IEG For Kannada Wikipedia

About an year ago, we found that it is almost becoming difficult/worse to search the Kannada books on DLI (Digital Library Of India) and OUDL (Osmania University Digital Library).

Reasons:

  • Index found in these digital libraries used latin letters for book names i.e. in Kanglish. It was not easy to type any book name and find them due to the transliteration rule used to come up with these names Ex:
    Aitihaasika Kathaaval’i Erd’aneya Bhaaga.
  • As the names were not found in Unicode/Native language more than 5000 books in these libraries were hidden from common people who would have loved to read them/use them for research, learning etc.
  • Even if we found the the book, it was difficult to read the books as DLI needed a special plugin to view tif files on the browser. Luckily OUDL had books in PDF format.

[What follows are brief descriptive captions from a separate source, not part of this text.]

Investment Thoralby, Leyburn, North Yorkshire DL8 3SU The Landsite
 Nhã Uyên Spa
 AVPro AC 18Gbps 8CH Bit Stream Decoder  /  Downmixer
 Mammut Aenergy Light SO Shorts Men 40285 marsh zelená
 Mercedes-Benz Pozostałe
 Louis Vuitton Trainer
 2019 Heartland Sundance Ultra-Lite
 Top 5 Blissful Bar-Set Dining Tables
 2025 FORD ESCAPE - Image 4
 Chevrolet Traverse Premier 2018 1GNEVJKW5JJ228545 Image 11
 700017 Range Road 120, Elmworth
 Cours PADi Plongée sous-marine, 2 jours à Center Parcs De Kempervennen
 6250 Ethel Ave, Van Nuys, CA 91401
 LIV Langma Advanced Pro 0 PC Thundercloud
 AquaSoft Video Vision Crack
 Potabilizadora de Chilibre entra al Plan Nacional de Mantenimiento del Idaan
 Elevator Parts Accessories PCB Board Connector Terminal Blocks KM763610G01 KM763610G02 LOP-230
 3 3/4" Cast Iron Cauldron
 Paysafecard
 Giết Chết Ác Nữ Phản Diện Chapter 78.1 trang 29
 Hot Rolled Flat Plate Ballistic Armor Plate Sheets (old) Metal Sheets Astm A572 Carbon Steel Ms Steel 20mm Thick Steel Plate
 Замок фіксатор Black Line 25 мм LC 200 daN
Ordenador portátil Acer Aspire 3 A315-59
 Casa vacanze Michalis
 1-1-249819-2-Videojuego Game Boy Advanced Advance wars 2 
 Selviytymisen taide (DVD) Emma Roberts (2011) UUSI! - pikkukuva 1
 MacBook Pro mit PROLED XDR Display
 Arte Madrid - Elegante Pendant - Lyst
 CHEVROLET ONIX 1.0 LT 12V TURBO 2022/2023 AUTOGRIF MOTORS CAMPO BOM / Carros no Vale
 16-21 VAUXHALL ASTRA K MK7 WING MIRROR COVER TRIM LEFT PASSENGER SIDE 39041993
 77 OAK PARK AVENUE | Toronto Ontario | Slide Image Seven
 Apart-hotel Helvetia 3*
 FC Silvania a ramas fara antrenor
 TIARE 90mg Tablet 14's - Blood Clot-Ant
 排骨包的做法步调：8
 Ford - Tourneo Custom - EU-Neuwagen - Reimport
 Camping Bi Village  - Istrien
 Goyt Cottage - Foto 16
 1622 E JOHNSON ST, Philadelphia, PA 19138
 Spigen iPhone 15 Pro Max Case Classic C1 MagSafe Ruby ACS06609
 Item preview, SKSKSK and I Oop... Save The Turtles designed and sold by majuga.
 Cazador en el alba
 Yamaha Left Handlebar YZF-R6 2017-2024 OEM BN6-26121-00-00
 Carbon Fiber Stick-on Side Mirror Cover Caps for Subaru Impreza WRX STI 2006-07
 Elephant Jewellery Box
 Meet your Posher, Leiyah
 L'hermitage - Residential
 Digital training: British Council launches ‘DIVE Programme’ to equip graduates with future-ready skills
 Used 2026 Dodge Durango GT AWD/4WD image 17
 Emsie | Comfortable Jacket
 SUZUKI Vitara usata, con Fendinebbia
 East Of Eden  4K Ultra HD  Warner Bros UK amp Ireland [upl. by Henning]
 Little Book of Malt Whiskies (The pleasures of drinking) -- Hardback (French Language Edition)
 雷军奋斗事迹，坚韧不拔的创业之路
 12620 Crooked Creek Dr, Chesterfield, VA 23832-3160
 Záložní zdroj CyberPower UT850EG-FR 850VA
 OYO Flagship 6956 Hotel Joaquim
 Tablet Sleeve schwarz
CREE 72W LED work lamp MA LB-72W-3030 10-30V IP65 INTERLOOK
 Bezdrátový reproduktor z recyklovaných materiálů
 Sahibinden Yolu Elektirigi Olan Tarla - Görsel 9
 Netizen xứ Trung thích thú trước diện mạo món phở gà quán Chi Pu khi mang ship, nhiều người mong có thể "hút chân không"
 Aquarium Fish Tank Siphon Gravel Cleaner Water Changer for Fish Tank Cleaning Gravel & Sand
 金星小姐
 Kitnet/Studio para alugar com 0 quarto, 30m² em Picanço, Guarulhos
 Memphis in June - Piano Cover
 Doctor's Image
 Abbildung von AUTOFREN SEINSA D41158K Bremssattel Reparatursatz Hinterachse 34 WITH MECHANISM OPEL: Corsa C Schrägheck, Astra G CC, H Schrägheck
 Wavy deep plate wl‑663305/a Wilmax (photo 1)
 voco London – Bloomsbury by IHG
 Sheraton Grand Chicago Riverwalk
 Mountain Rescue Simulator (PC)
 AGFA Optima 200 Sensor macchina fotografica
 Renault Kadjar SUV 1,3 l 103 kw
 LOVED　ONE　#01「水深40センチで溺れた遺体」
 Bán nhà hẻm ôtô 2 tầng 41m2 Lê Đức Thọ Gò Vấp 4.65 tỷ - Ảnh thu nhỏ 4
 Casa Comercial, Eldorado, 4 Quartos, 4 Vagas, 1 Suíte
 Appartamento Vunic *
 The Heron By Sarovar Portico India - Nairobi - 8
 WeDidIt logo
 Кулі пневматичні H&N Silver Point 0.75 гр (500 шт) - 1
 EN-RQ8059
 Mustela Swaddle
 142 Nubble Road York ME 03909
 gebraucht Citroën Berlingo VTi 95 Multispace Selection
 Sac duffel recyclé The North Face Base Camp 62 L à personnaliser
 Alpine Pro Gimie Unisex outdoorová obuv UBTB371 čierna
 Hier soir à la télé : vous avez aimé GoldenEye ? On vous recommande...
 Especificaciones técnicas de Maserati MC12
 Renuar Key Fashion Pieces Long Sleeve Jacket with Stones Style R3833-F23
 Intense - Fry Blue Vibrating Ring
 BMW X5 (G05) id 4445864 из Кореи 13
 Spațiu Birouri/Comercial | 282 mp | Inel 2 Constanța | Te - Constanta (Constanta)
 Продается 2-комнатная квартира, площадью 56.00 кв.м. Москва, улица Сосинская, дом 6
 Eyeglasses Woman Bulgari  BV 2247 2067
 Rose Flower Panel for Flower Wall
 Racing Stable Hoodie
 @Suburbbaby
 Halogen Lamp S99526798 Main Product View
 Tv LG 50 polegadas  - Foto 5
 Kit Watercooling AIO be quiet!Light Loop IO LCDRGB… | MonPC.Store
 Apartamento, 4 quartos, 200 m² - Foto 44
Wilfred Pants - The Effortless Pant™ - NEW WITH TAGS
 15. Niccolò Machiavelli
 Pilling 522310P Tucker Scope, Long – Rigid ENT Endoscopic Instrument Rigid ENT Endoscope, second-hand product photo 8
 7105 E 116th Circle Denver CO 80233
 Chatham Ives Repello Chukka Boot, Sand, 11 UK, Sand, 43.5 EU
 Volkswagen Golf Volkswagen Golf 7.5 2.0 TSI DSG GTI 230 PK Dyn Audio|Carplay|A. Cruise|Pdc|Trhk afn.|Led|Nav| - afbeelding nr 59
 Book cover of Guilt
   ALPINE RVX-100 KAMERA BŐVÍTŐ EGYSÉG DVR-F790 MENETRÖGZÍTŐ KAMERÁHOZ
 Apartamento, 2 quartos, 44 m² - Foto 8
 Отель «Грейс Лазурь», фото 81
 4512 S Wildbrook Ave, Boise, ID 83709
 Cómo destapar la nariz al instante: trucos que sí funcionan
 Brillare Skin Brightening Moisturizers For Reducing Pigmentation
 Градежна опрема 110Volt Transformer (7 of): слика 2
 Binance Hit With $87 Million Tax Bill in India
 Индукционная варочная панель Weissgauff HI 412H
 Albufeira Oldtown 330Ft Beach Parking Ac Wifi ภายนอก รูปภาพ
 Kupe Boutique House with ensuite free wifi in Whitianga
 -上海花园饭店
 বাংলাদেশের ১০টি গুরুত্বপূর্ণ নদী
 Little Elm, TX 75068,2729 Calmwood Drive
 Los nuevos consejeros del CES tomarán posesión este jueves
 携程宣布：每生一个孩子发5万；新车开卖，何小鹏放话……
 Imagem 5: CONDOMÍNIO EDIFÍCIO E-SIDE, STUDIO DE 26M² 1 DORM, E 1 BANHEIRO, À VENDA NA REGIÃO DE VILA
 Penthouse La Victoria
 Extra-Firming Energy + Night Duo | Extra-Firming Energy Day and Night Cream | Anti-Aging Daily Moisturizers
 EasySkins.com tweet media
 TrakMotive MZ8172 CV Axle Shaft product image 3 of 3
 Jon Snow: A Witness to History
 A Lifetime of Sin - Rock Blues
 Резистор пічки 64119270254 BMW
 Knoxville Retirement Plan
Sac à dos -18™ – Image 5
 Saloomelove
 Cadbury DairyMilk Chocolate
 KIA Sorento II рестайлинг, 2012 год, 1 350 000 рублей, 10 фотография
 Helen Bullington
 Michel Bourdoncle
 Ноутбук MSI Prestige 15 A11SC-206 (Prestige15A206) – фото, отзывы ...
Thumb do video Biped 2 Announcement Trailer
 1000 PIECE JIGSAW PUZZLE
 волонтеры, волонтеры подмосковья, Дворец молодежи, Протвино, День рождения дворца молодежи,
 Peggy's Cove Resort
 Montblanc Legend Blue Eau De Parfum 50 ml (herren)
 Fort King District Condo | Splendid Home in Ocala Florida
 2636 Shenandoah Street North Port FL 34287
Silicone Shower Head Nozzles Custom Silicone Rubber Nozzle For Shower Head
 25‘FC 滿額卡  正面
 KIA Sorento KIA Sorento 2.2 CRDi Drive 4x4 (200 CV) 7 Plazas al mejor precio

To view the Books Online Download Alternatiff plugin for Windows Users and Plugger plugin for Linux Users(install GTK,GLIB prerequisites)

These reasons were more than enough to encourage ourselves to do something around this. We started a small project to pull the metadata of these libraries and see if we can do something about the books.

We initiated a crowdsourcing project on our community portal http://samooha.sanchaya.net, pushed the metadata that Pavithra had collected from the DLI & OUDL websites and requested people to help us transcribe the book name, publisher name and author names to Kannada in Unicode. Following video demonstrates how crowd sourcing helped us get the metadata transformed into useful information quickly.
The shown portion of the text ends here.